Post date: Jun 28, 2012 2:48:32 PM
LONDON, ENGLAND, UK (JUNE 28, 2012) (PARLIAMENT TV) - British authorities must find out which executives at Barclays knew about its attempts to manipulate key market interest rates, British finance minister George Osborne said on Thursday (June 28), warning that criminal proceedings could follow.
Shares in Barclays headed for their biggest one-day fall since 2009 as British authorities set to investigate the bank's bosses who attempted to manipulate key market interest rates.
The Financial Services Authority investigation into the how Britain's key interbank lending rate, Libor, was fixed found Barclays bank had manipulated rates over several years.
"As far as the chief executive of Barclays is concerned, he has some very serious questions to answer today. What did he know and when did he know it? Who in the Barclays management was involved, and who therefore should pay the price?" Osborne told parliament.
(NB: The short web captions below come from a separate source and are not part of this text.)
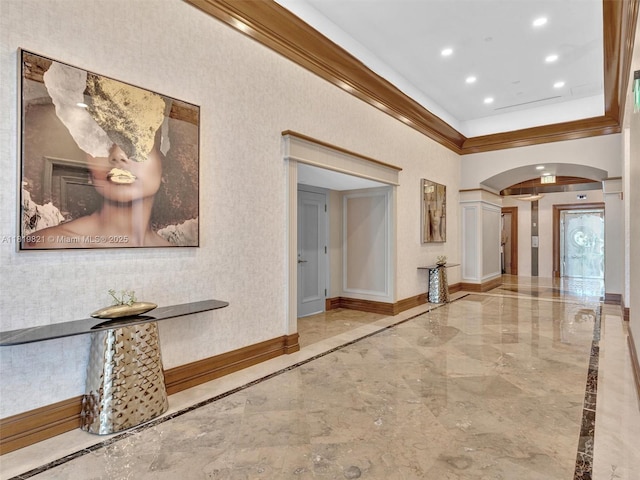 16500 Collins Ave Unit Th-10, Sunny Isles Beach, FL 33160 - hallway featuring inlaid floor details, marble tiled flooring, arched walkways, ornamental molding, and baseboards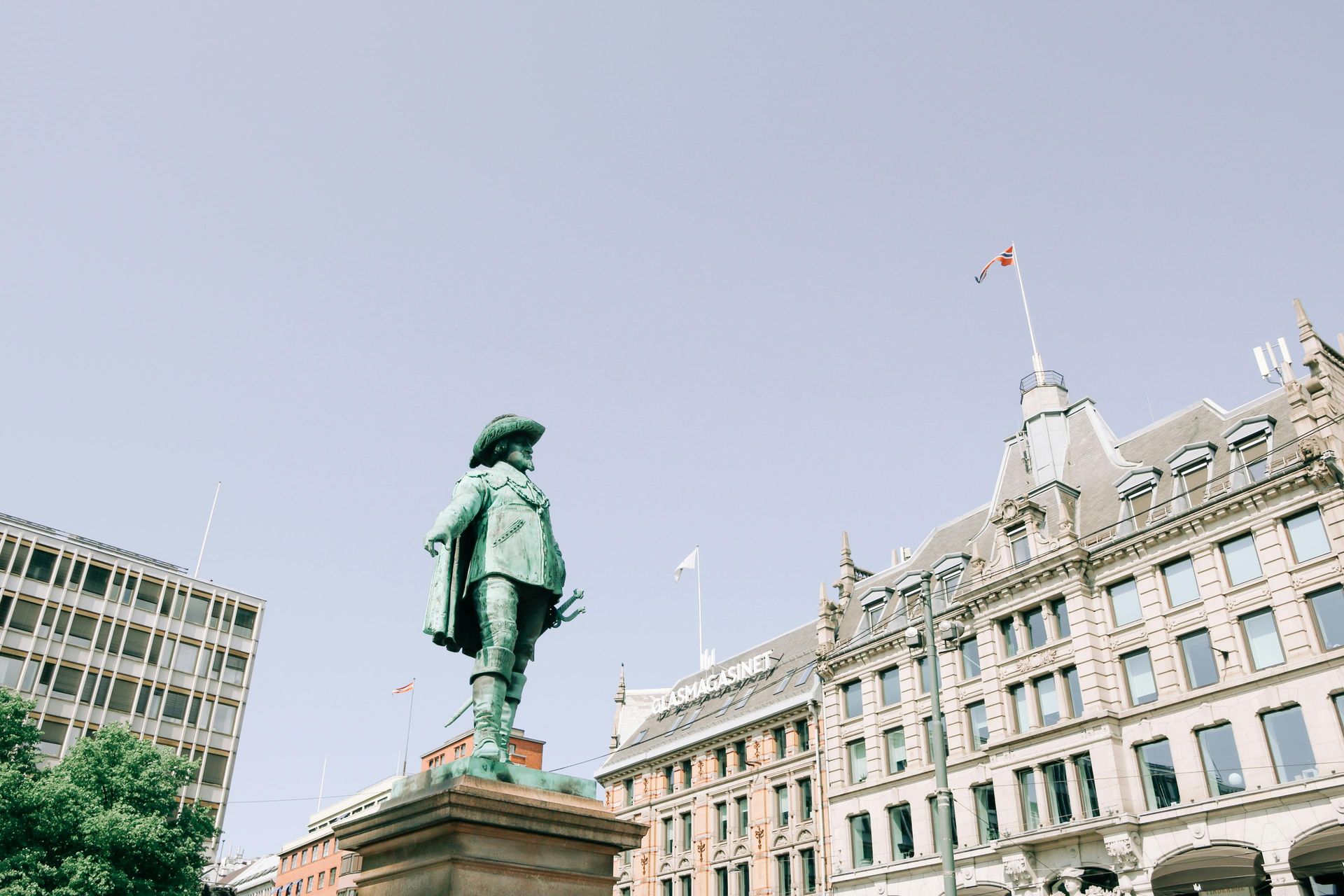 Statue of a man in hat and coat in front of ornate buildings. Sunny day with blue sky.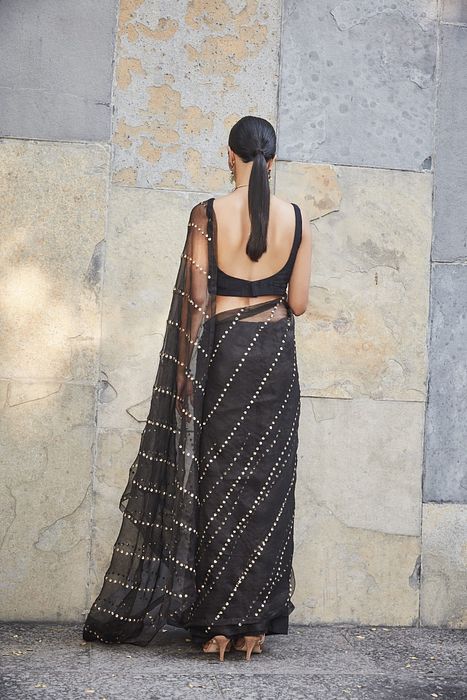 A model showcasing Black Silk Organza Saree by Ranian from Ranian's collection A model showcasing Black Silk Organza Saree by Ranian from Ranian's collection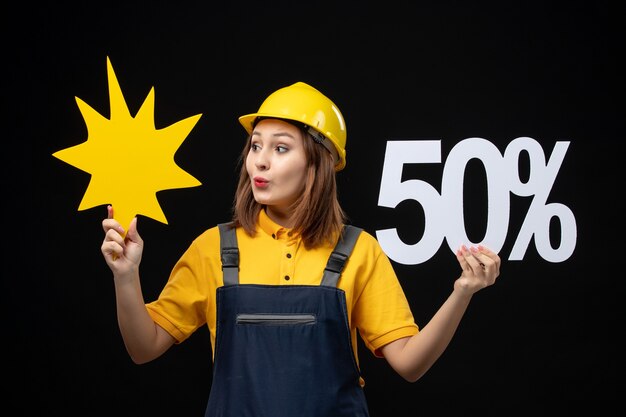 Constructeur féminin de vue de face tenant la figure jaune et sur le mur noir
"Barclays are not alone in this, the FSA is continuing to investigate the conduct in a number of institutions."
Barclays, whose shares were trading down more than 11 percent, was fined 290 million pounds by U.S. and British authorities on Wednesday (June 27) after investigations found the bank tried to manipulate key market interest rates.
The British government has promised a regulatory overhaul.
"Failures in our banks and financial system have cost the country billions and put thousands out of work. Those responsible should be held responsible. We want our financial services supporting the creation of jobs and prosperity for millions. Now this government is sweeping away the regulatory system that failed. It will protect tax payers, it will punish wrongdoing and put right the wrongs of an era of financial irresponsibility," Osborne said.
Libor underlies everything from derivatives trades to U.S. consumer credit card rates to loans as far afield as those financing Turkish phone networks.